Caption-style text data

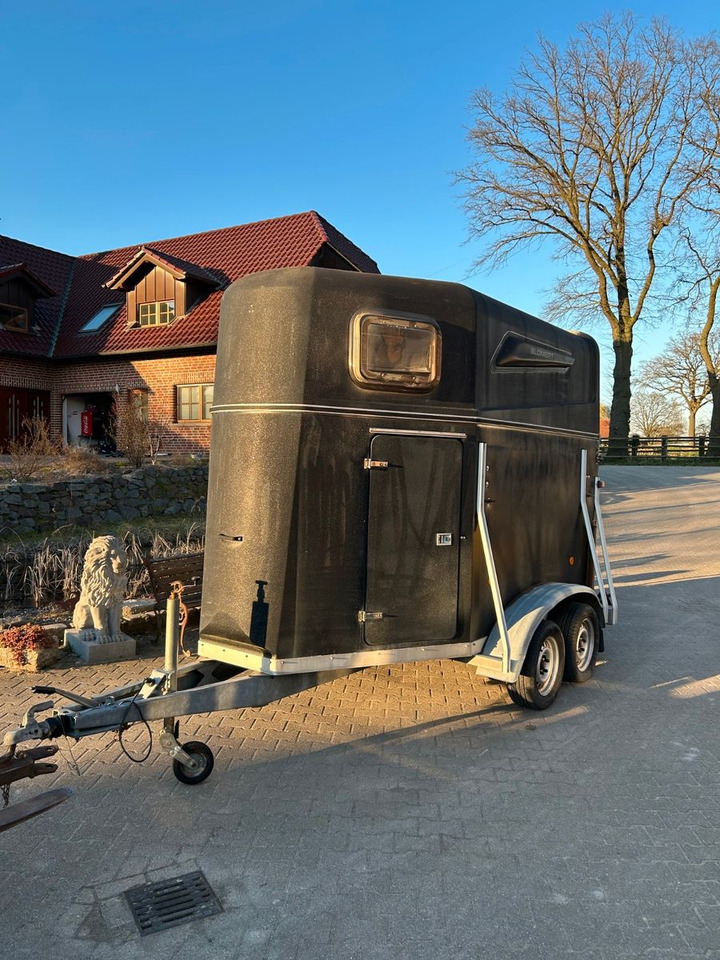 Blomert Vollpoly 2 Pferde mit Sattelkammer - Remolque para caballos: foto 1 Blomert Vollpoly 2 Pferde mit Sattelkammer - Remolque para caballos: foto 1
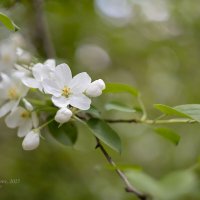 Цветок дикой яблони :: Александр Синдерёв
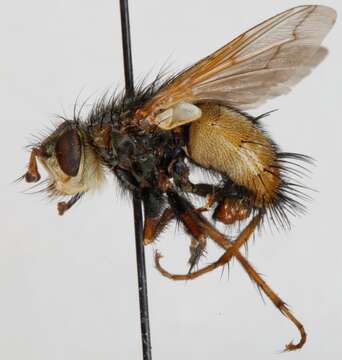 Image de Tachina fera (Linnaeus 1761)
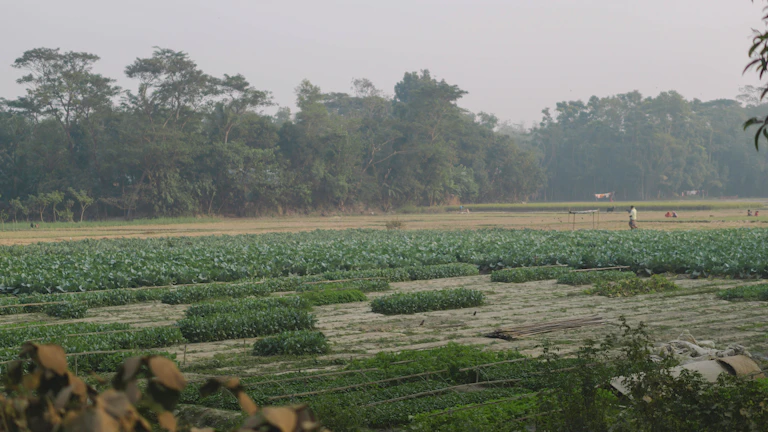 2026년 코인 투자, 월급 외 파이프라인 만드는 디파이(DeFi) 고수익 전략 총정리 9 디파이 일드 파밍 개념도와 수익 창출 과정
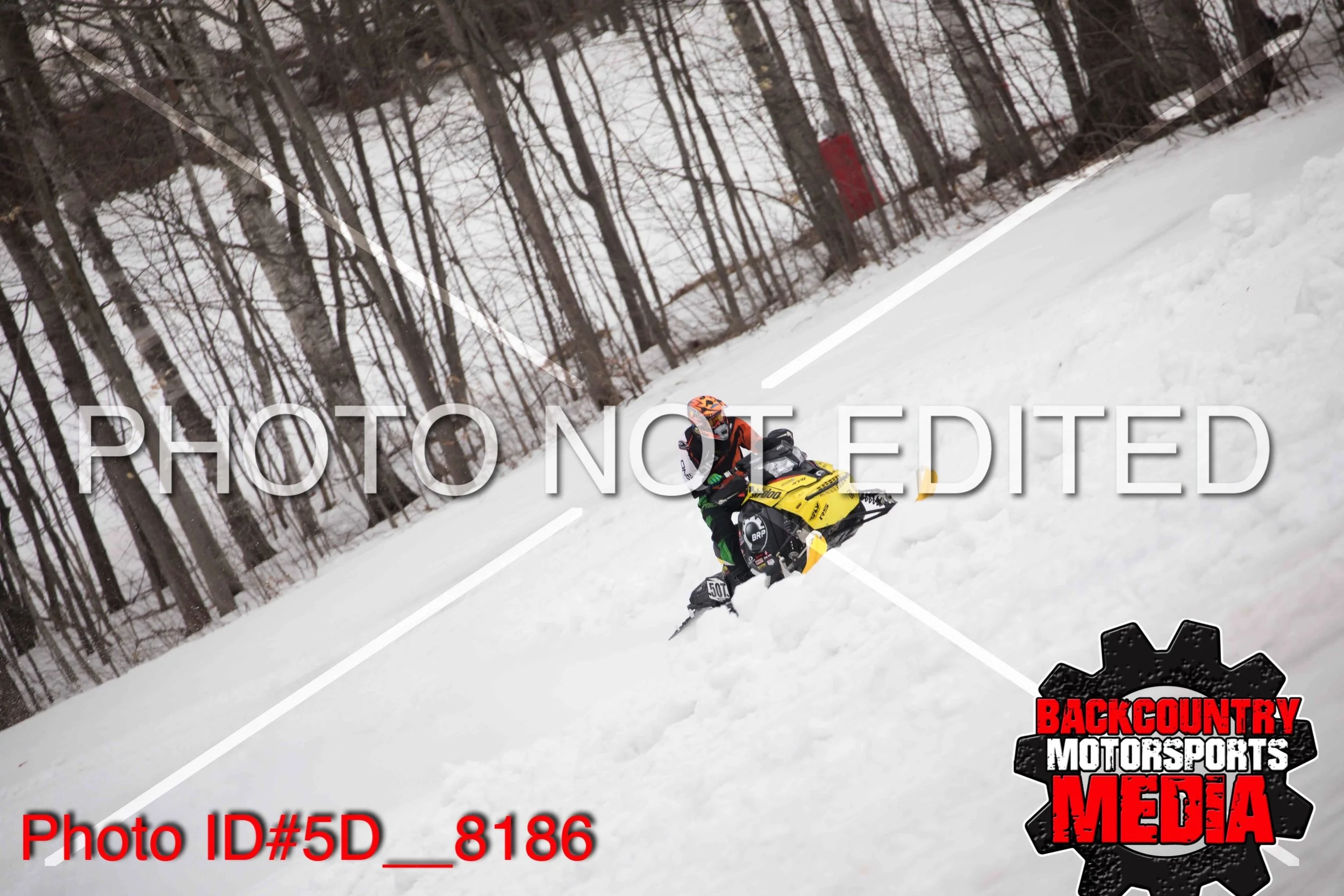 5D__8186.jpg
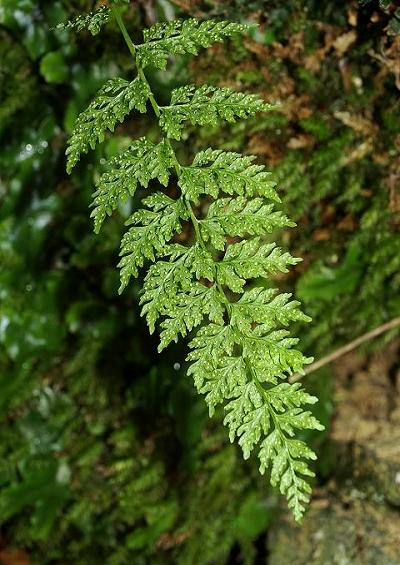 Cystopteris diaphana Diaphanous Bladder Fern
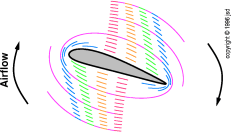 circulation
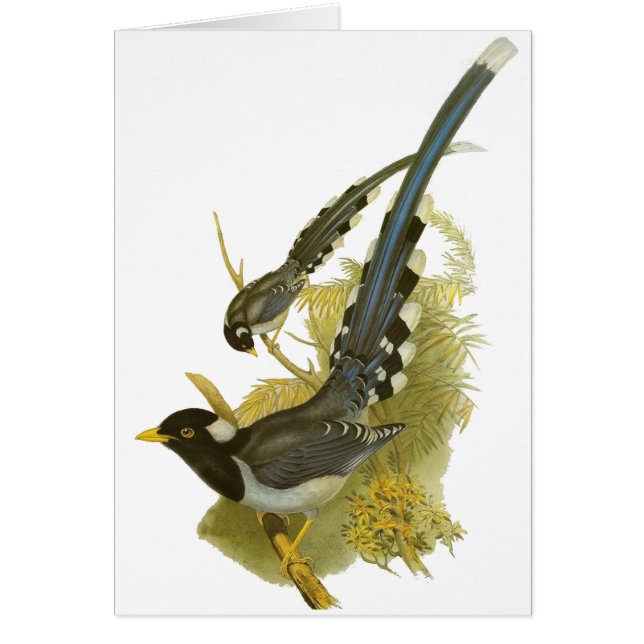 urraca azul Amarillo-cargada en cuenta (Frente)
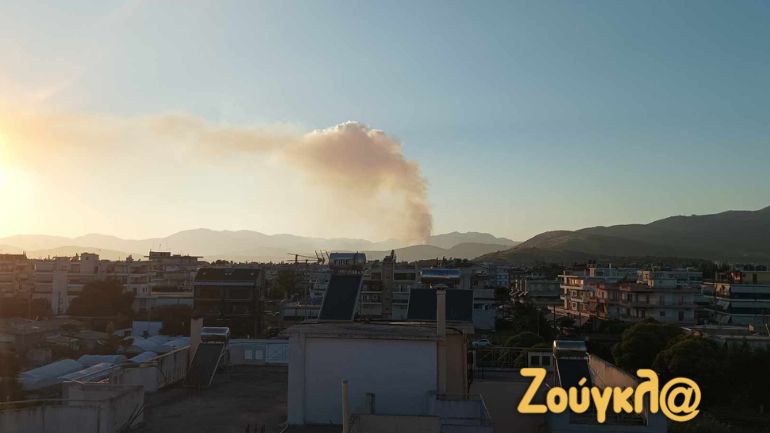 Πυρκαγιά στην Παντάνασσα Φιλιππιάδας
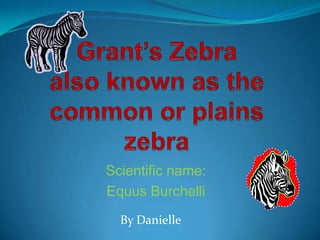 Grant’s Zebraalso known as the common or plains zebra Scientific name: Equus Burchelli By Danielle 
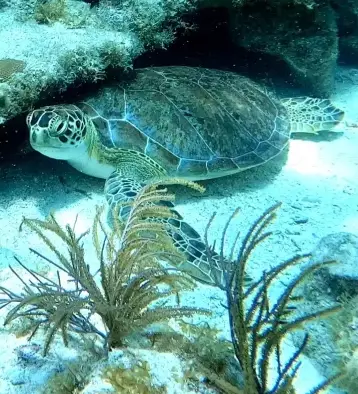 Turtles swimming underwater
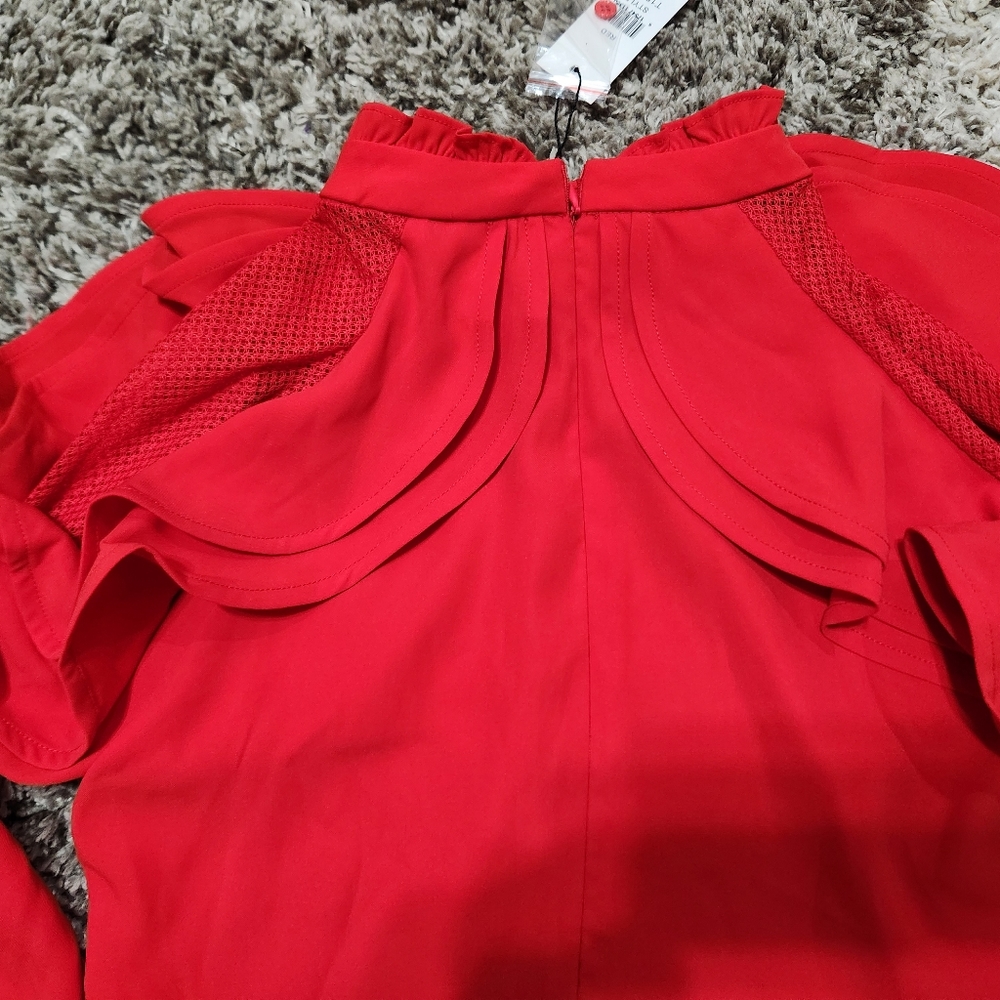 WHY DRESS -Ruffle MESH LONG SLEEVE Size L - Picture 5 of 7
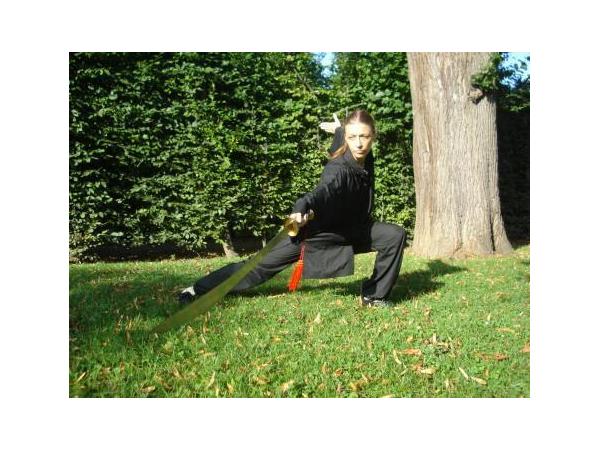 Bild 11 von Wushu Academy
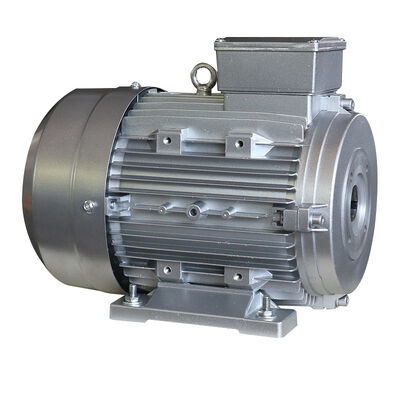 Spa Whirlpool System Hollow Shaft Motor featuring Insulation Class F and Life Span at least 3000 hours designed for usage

● What you will do:
Every line above between the one containing "Image de Tachina fera (Linnaeus 1761)" and the one containing "Πυρκαγιά στην Παντάνασσα Φιλιππιάδας", those two included, is to be printed exactly. No pictures go into the copy.

● Written response:
 Image de Tachina fera (Linnaeus 1761)
 2026년 코인 투자, 월급 외 파이프라인 만드는 디파이(DeFi) 고수익 전략 총정리 9 디파이 일드 파밍 개념도와 수익 창출 과정
 5D__8186.jpg
 Cystopteris diaphana Diaphanous Bladder Fern
 circulation
 urraca azul Amarillo-cargada en cuenta (Frente)
 Πυρκαγιά στην Παντάνασσα Φιλιππιάδας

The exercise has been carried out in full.